◆ **Your task**
The expected answer is the data below, printed verbatim without its pictures.

◆ **Dataset excerpt**
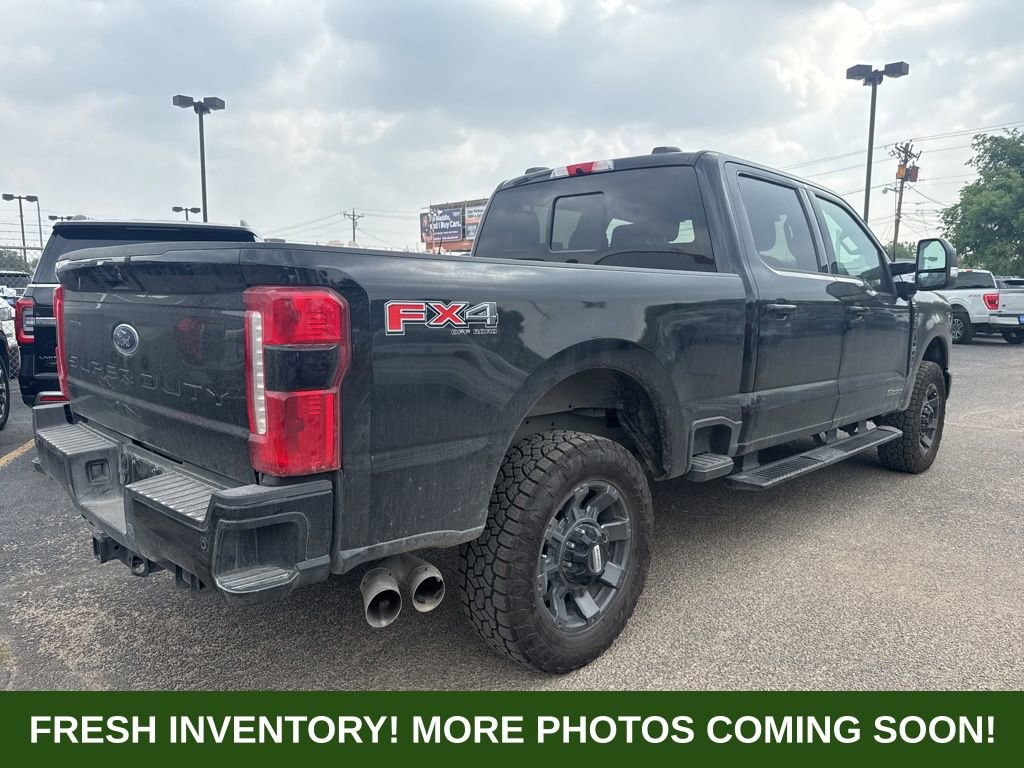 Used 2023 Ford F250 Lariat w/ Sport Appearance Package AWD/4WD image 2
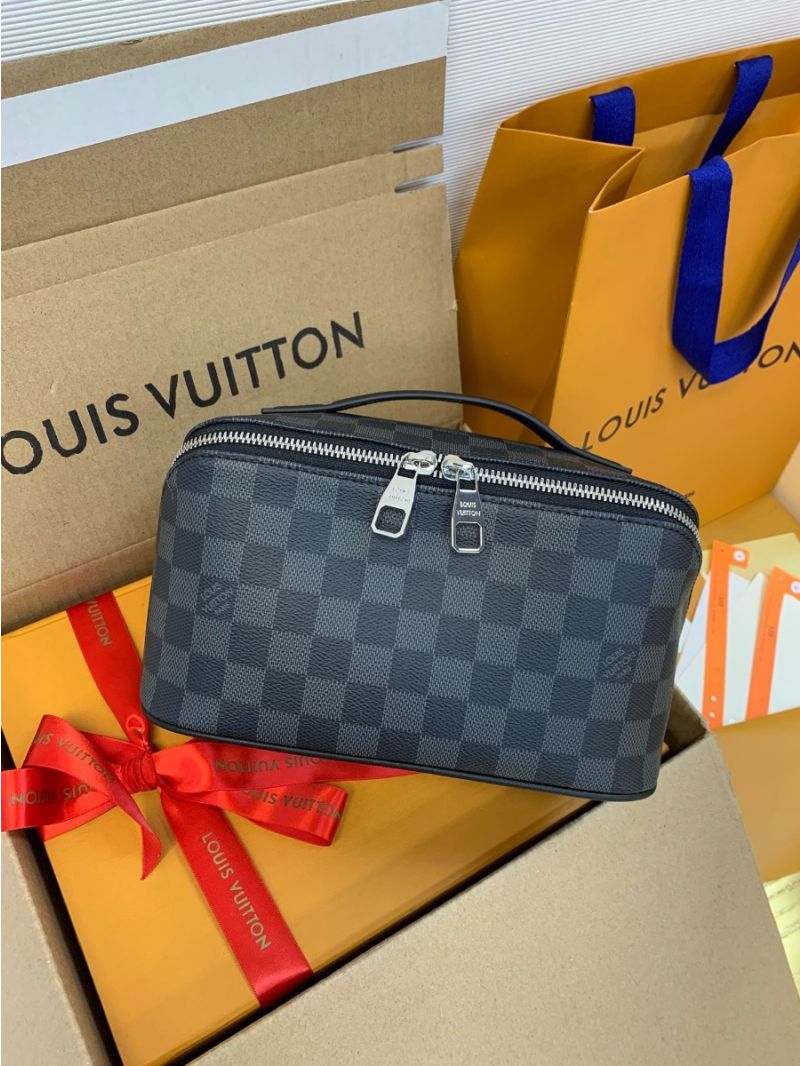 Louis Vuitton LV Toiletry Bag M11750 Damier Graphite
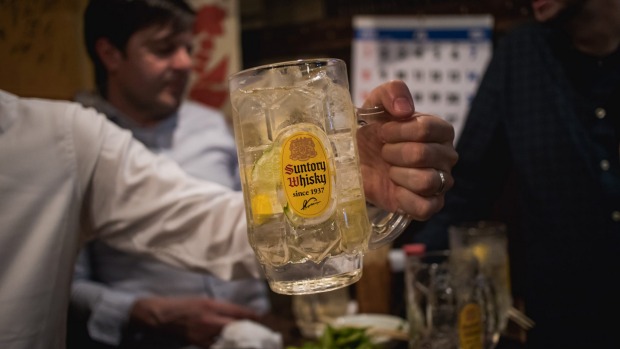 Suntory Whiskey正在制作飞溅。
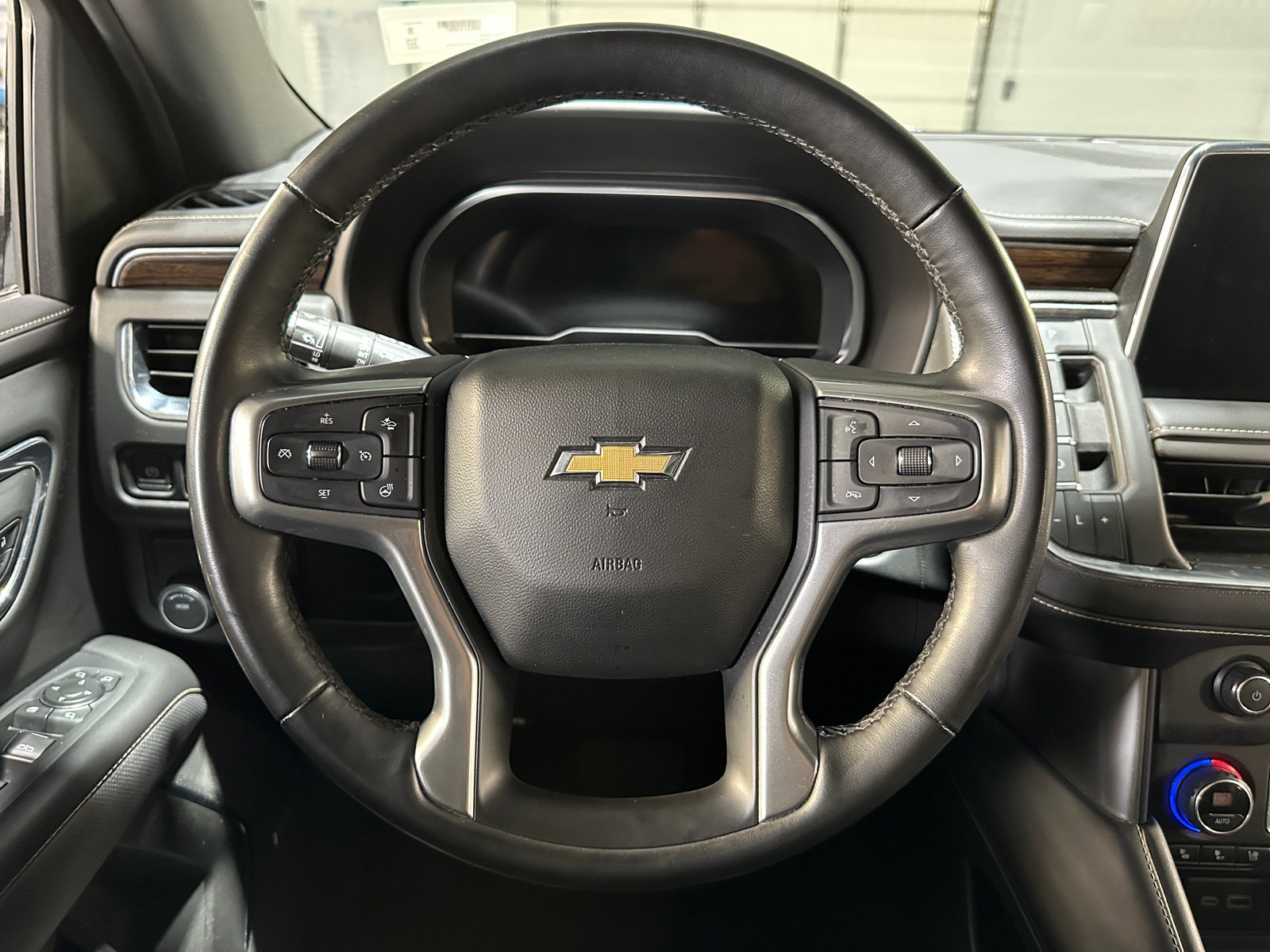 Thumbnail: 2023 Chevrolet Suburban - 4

◆ **Task response**
 Used 2023 Ford F250 Lariat w/ Sport Appearance Package AWD/4WD image 2
 Louis Vuitton LV Toiletry Bag M11750 Damier Graphite
 Suntory Whiskey正在制作飞溅。
 Thumbnail: 2023 Chevrolet Suburban - 4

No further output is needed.